Hilfe für Aids-Waisen in Uganda/Ostafrika
Uganda zählte Anfang der 80er Jahre zu den ersten afrikanischen Ländern, die von der Aids-Pandemie betroffen waren. Trotz großer Anstrengungen im Kampf gegen Aids sind heute 1,1 Mio Menschen mit HIV infiziert. Aids stellt die häufigste Todesursache bei den 15- bis 49 Jährigen dar. Mittlerweile gibt es rund zwei Millionen Aidswaisen in Uganda.
Durch den Tod der Eltern muss das älteste der verwaisten Kinder, egal ob Junge oder Mädchen, die Haushaltsführung übernehmen und ist dafür verantwortlich, das Einkommen der Familie zu sichern. Damit sind diese Kinder häufig überfordert. Viele enden auf der Straße oder als Prostituierte und laufen dadurch Gefahr, mit HIV infiziert zu werden.
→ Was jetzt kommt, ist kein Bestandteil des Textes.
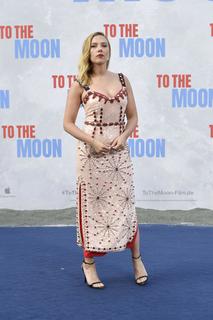 Scarlett Johansson feet photo thumbnail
Die früh verwaisten Kinder sind dadurch sowohl gesellschaftlich als auch wirtschaftlich benachteiligt. Oft können sie die Schule gar nicht oder nicht mehr regelmäßig besuchen oder sie müssen ihre Schulausbildung aus Kostengründen abbrechen. Die Erfahrung der Mädchen und Jungen, mitansehen zu müssen, wie die Eltern der unheilbaren Krankheit erlagen, hat viele von ihnen traumatisiert.
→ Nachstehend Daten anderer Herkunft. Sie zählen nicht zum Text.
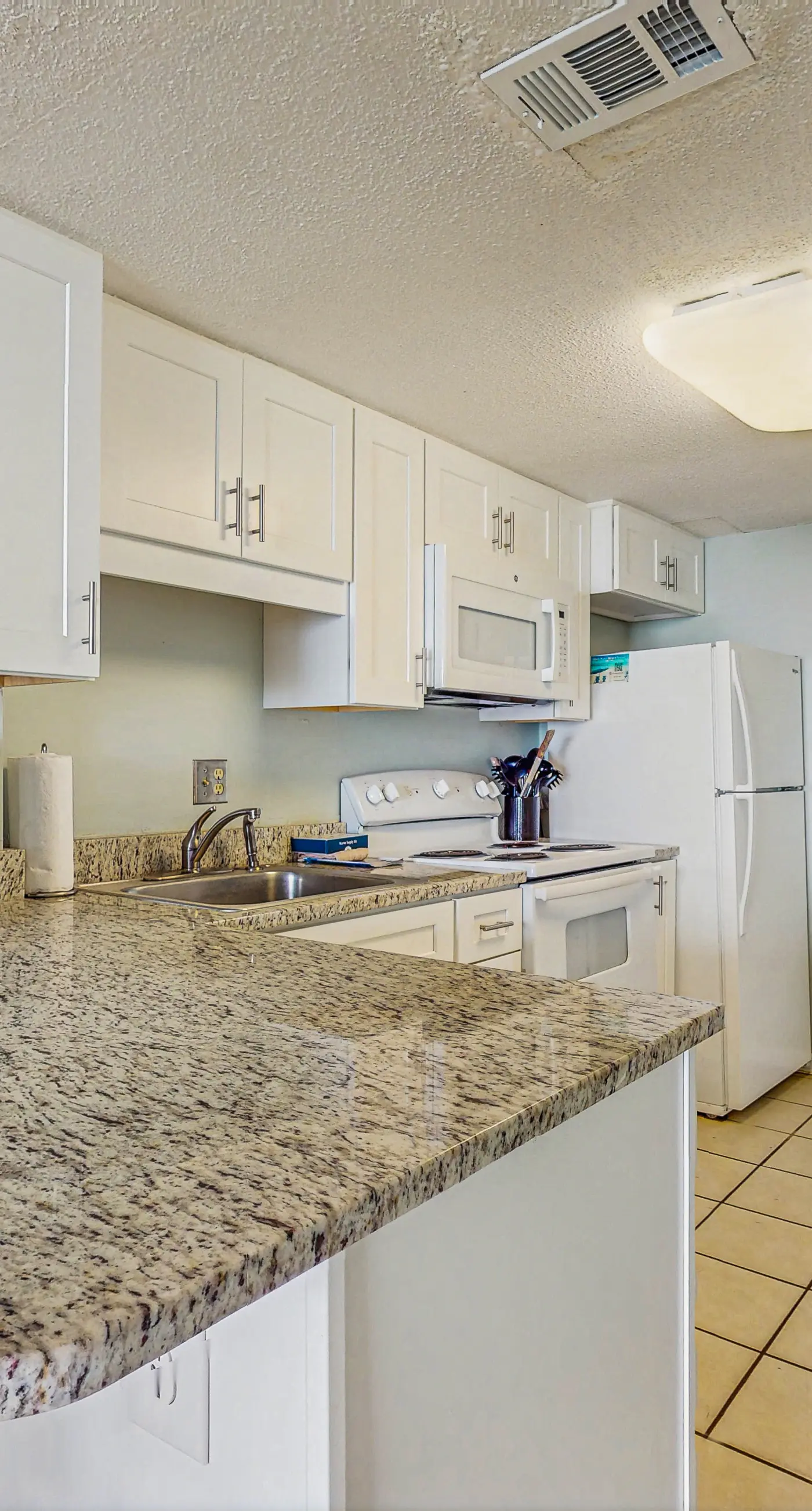 Bright Condo w Lagoon View & Shared Pools, Hot Tub, Tennis, & Beach Access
Hilfsmaßnahmen für dieses Projekt
Plan hat in Zusammenarbeit mit den Gemeindevorständen, den örtlichen Behörden, anderen Nichtregierungsorganisationen und den betroffenen Familien ein Programm entwickelt mit dem Ziel, die Situation der Aids-Waisen zu verbessern. Die Projektdurchführung erfolgt durch Mitarbeiterinnen un Mitarbeiter von Plan, den lokalen Behörden, Gemeindemitgliedern und den betroffenen Kindern. Durch Hausbesuche, die vor allem von einem Kinderbeauftragten durchgeführt werden, kann gezielt auf die Bedürfnisse der Kinder reagiert werden. Folgende Hilfsmaßnahmen werden durchgeführt:
- Häuser- und Latrinenbau
- Bereitstellung von Fahrrädern. Der Besitz eines Fahrrades bedeutet eine große Hilfe v.a. in ländlichen Haushalten. Autos sind selten und unerschwinglich, Busse und Sammeltaxis kosten Fahrgeld. Mit einem eigenen Fahrrad lassen sich Lasten transportieren. Riesige Bananenstauden werden auf dem Gepäckträger zum Verkauf zum Markt transportiert. Dann wird das Rad meist viele Kilometer über holperige Feldwege bis zur, vielleicht geteerten, Hauptstraße in die Stadt geschoben. Krankenschwestern fahren damit als mobiler Gesundheitsdienst von Dorf zu Dorf. Auch werden die Gepäckträger gepolstert und dienen dann als Ein-Personen-Fahrradtaxi.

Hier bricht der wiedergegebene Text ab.